** Problem details **
Look for the line containing "80% de Jute" and the line containing "10pcs Clear 38mm" in the entries below. Copy those two and all lines between them exactly, leaving out pictures.
Input data below:
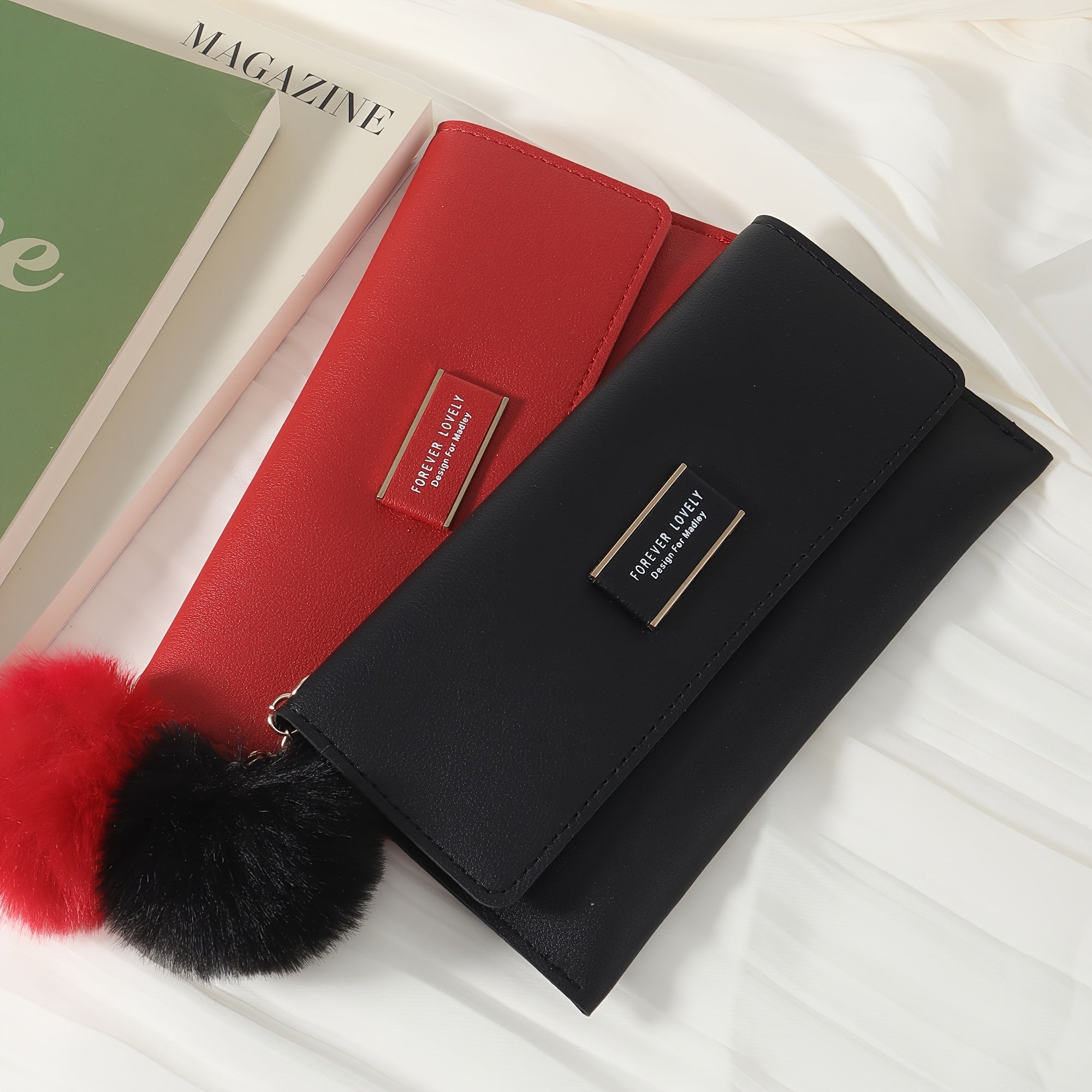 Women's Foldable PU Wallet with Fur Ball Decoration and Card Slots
End of Input data.
Input data below:
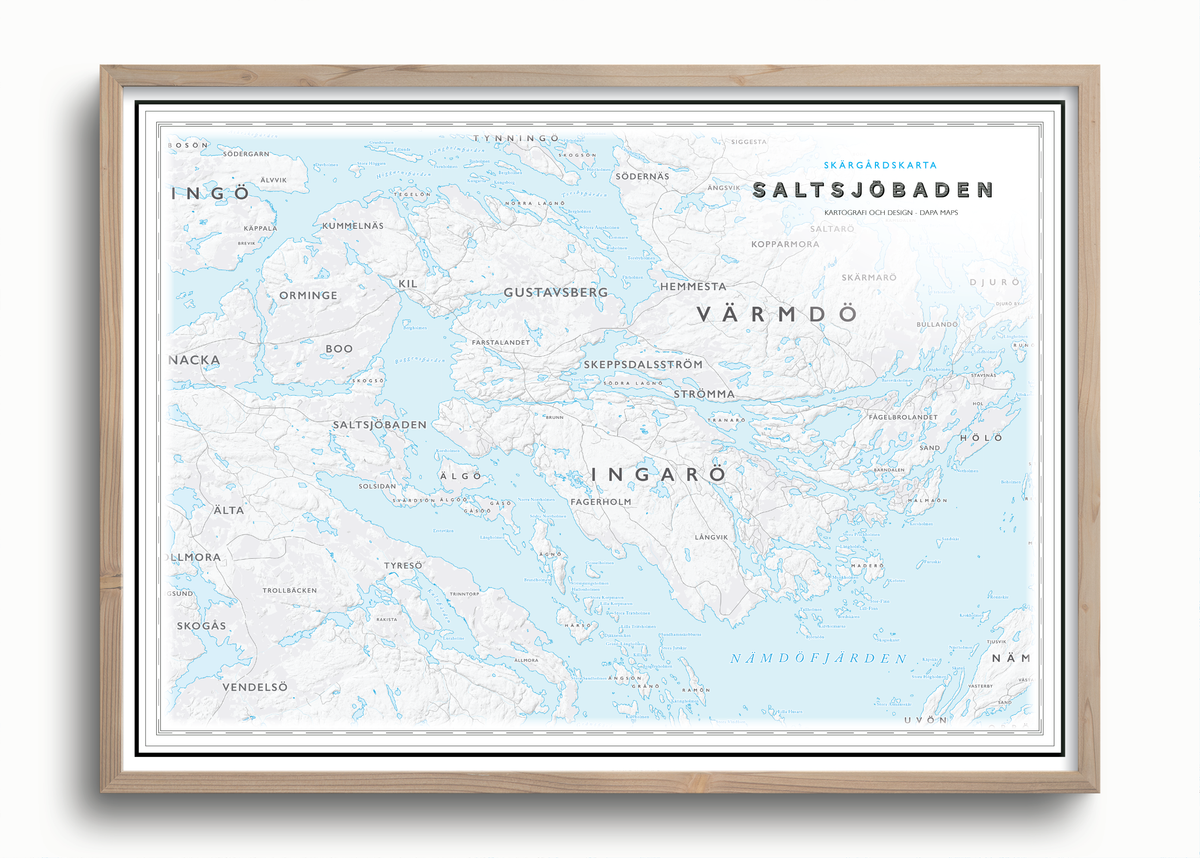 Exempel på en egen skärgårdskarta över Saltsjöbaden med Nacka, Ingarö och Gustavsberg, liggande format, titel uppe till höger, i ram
End of Input data.
Input data below:
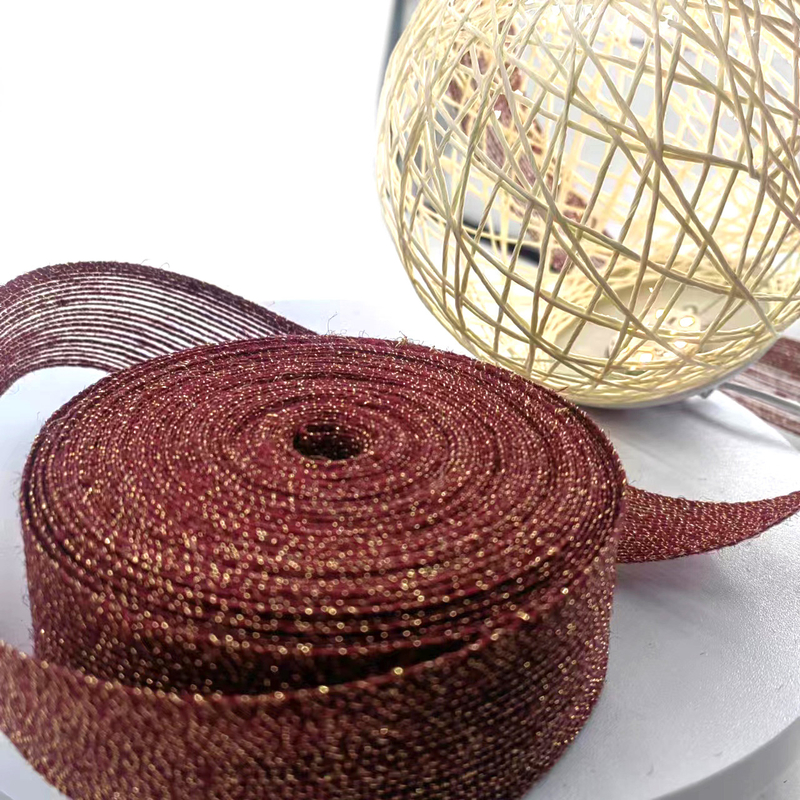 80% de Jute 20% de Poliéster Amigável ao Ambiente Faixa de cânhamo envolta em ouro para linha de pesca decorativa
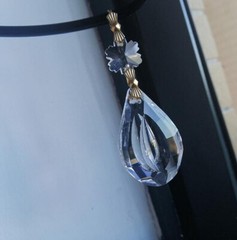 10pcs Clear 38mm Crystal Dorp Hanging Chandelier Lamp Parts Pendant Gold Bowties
End of Input data.
** Written solution **
 80% de Jute 20% de Poliéster Amigável ao Ambiente Faixa de cânhamo envolta em ouro para linha de pesca decorativa
 10pcs Clear 38mm Crystal Dorp Hanging Chandelier Lamp Parts Pendant Gold Bowties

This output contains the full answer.